> Work instruction: Could you repeat every entry below word for word, leaving out the pictures?

> Short text fragments from websites:
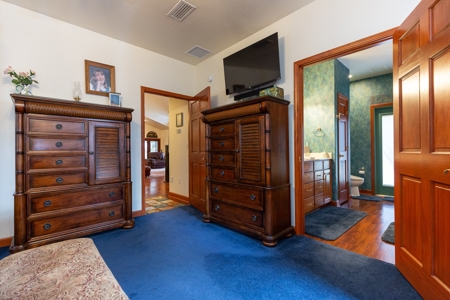 3/3 Brick Home on 98 Acres in Live Oak, FL For Sale - image 38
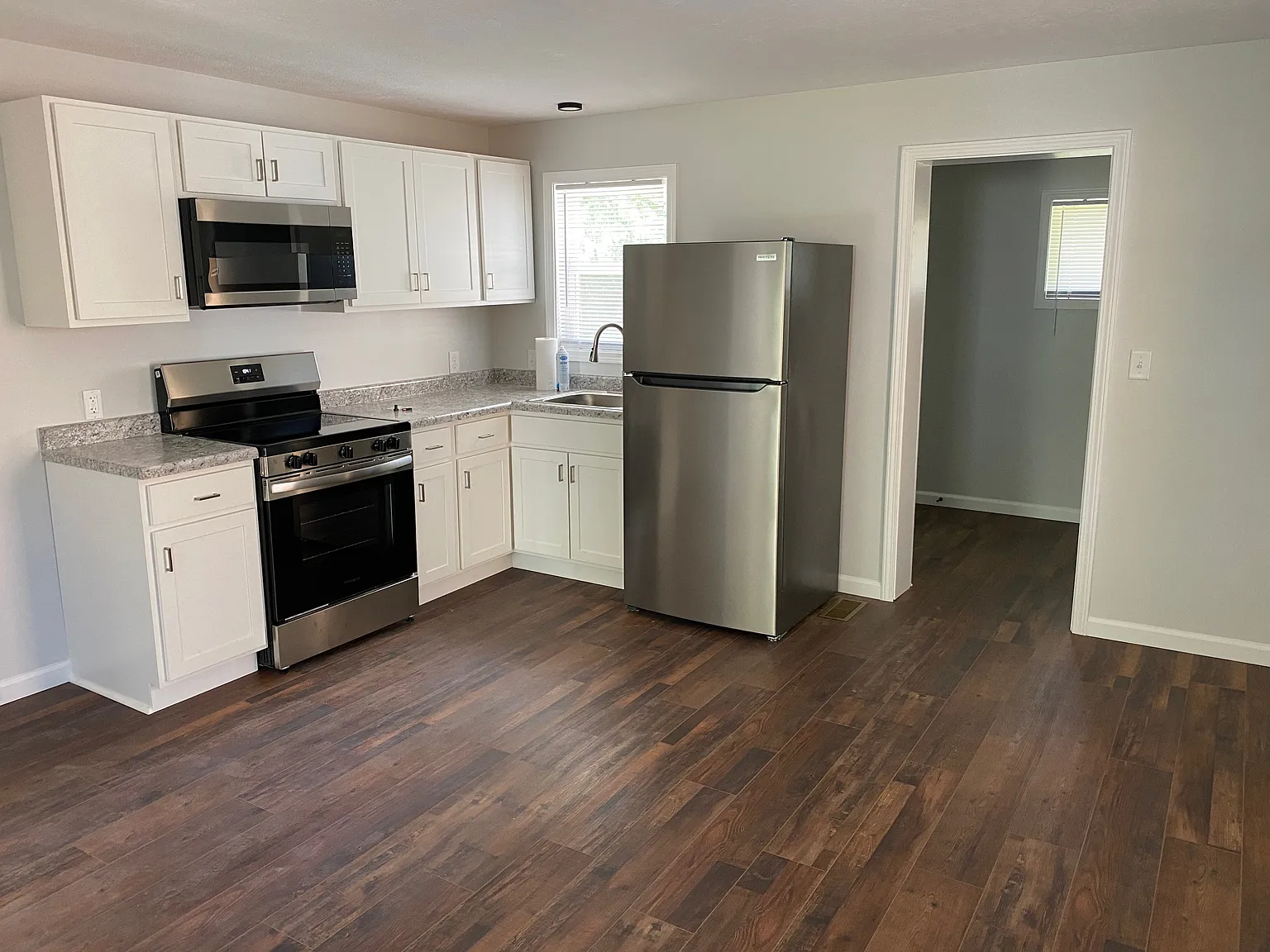 5 Willow Way — Photo 3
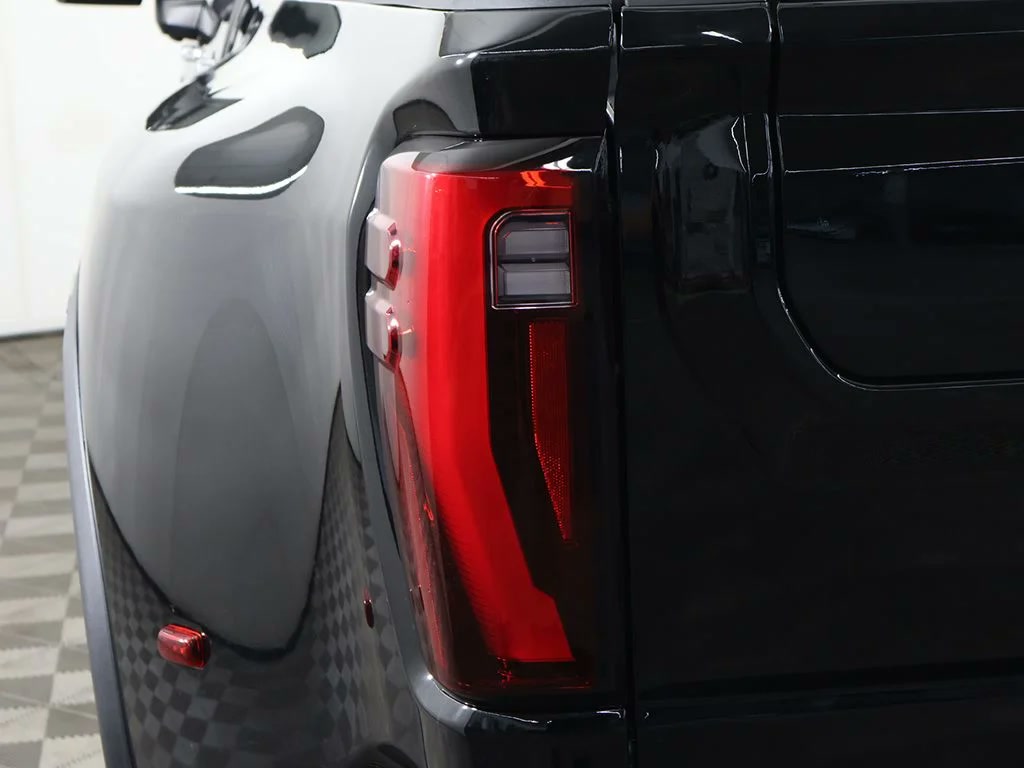 Car Image 8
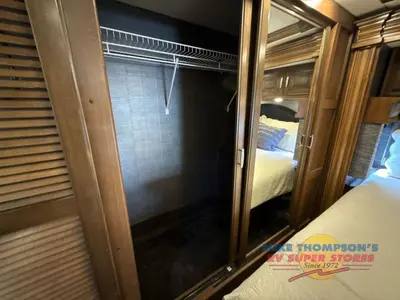 2014 Fleetwood RV Discovery photo 40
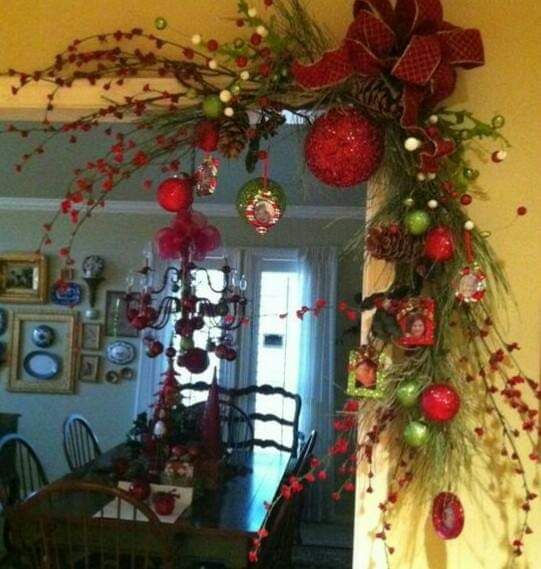 Bellas ideas navideñas para la entrada de tu casa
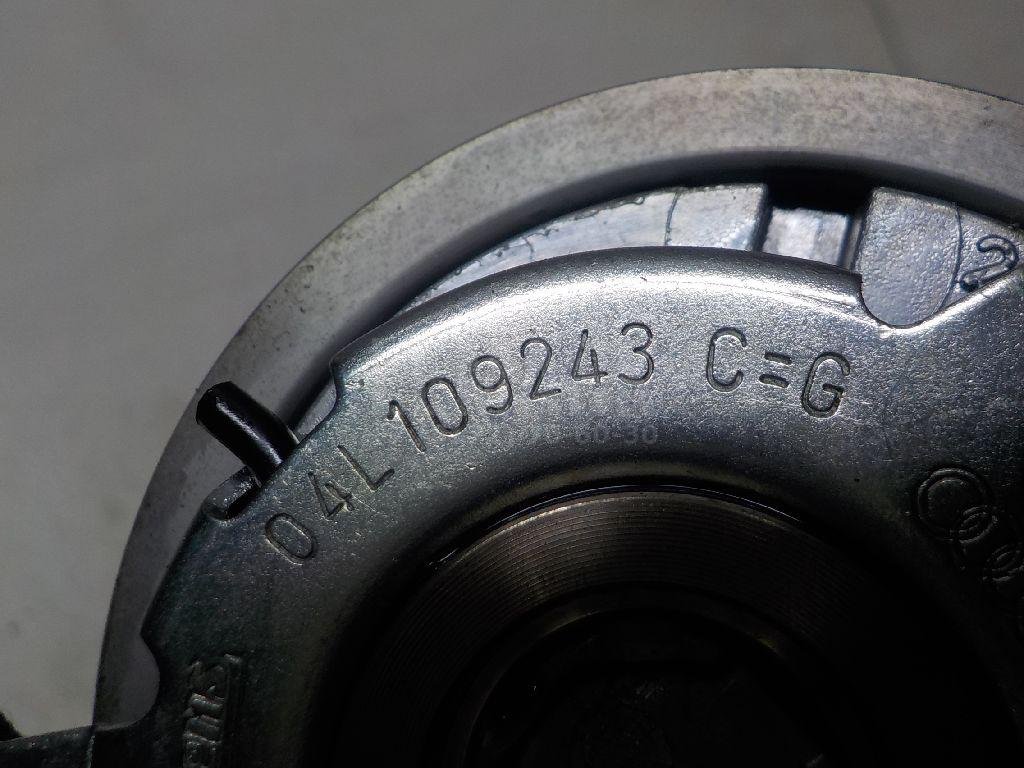 Ролик-натяжитель ремня ГРМ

> Finished exercise:
 3/3 Brick Home on 98 Acres in Live Oak, FL For Sale - image 38
 5 Willow Way — Photo 3
 Car Image 8
 2014 Fleetwood RV Discovery photo 40
 Bellas ideas navideñas para la entrada de tu casa
 Ролик-натяжитель ремня ГРМ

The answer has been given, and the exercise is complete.